University of Texas President Bill Powers said Thursday that the school has not reached out to Alabama's Nick Saban and no decision has been made on the future of Longhorns football coach Mack Brown _ or even a decision on whether any decision must be made.
"We don't have an answer" to those questions, Powers told the American-Statesman. "Mack's our coach. I haven't talked to him about the future. Nothing has happened. The team and he are concentrating on the Baylor game." Asked if Brown has told Powers that he wants to stay at Texas beyond his 16th season, Powers said, "That's for Mack to decide. I think he would (tell me)." Houston attorney Joe Jamail, one of Texas' biggest benefactors and Brown's personal friend and attorney, told the American-Statesman that Brown could decide to leave or stay, but won't reach his decision until the regular season is over. Jamail said Brown isn't leaning one way or the other.
Brown's contract, which pays him $5.4 million, runs through 2020.
Brown, Powers and new men's athletic director Steve Patterson are all going to New York City on Sunday for the National Football Foundation and alumni meetings. Jamail was supposed to go, but has a trial in Beaumont beginning Monday.
Asked if the ball is in Brown's court, Jamail said, "It is for sure. Mack has not made any kind of decision, and I know him better than anybody. If he thinks he's not any longer good for the University of Texas, he'll decide not to stay." The outcome of Saturday's Texas-Baylor game could well influence Brown's choice. Texas (8-3) faces Baylor (10-1) in Waco with the winner guaranteed to have no worse than a share of the Big 12 title. If Oklahoma upsets Oklahoma State on Saturday, the Texas-Baylor winner wins the league outright.

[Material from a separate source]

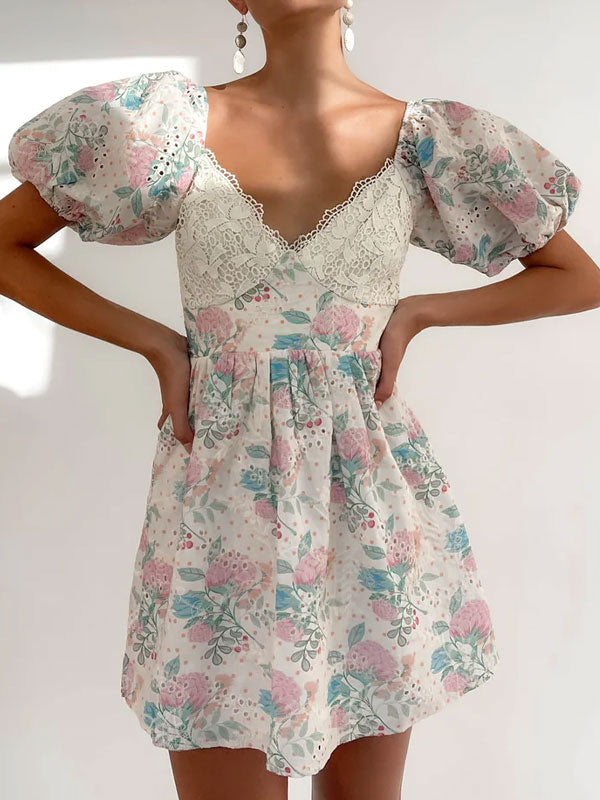 Lace puff sleeve dress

"I would guess that would have an effect on anybody," Jamail said. "If he wins, there's no point in even thinking about leaving. You've won the conference championship if our friends the Okies do their part. And if they don't, Texas would still wind up in the Cotton Bowl." On another matter of considerable recent interest, Powers totally debunked widespread reports on that Texas has decided to replace Brown with Saban.

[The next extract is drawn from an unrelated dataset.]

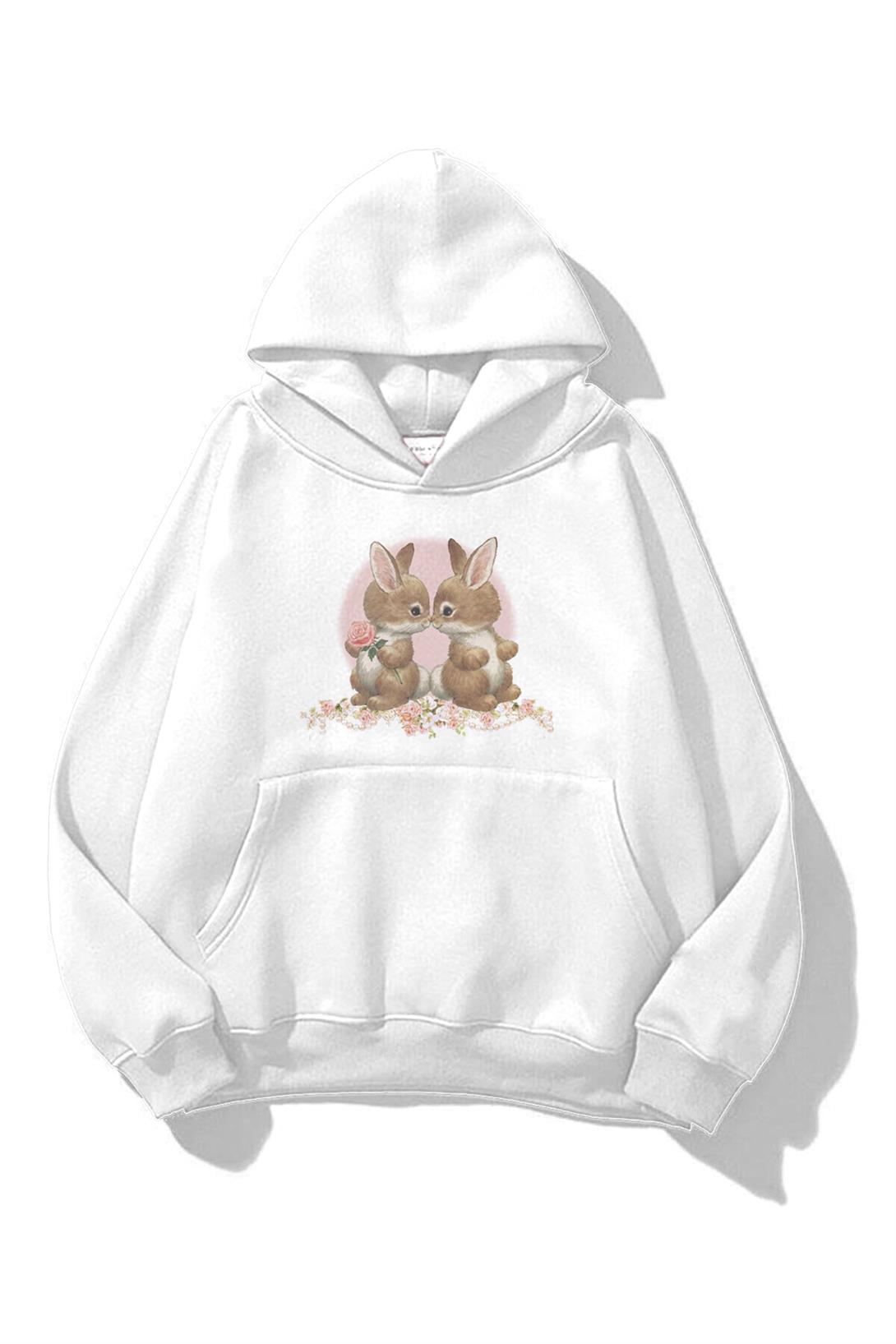 Unisex Two Rabbit with Flower Sweatshirt Beyaz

"I've never met Nick Saban. I've never talked to Nick Saban. We have not hired Nick Saban," Powers said. "Mack's our coach, and I can say flatly that the rumors we have hired or come to an agreement with Nick Saban or even talked to him are false. The reports on the blogs are just wrong. I don't know where they get this stuff." Powers did acknowledge previous reports that a current Texas regent and a former regent spoke with Saban's agent, Jimmy Sexton, in January about the possibility that Saban could replace Brown. After that meeting, former regent Tom Hicks spoke to Brown about it, but Brown said he didn't want to retire.
"There was an outreach to his agent, and I exempt that from this discussion," Powers said. "Whatever happened then, happened. We don't have any plans one way or the other (to replace Brown). And we don't have an opening." Asked whether he is awaiting word from Brown on his future or whether any meeting would be held on that matter, Powers demurred. He acknowledged, however, that Patterson will play an important role in personnel matters, subject to approval by the university president and contractual approval by the UT System Board of Regents.
"I have not talked to Steve Patterson about that," Powers said, referring to any decisions regarding Brown. "He is the kind of person who comes in and evaluates and looks and gathers information and moves forward. I think he's still in learning mode." On another matter related to athletics, Powers said the university is in the early stages of considering where it might build a multi-purpose arena to replace the Frank Erwin Center, which is slated to be torn down several years from now to make way for an expanding medical school. It will be challenging to find a site within walking distance of campus and off-campus housing, he said.
But first he must grapple with the fluid situation involving his football coach.
"Mack really is upbeat," Jamail said. "And that's not a game. He's less stressful than I've seen the last five, six years. He has not decided what to do, I can tell you that for sure."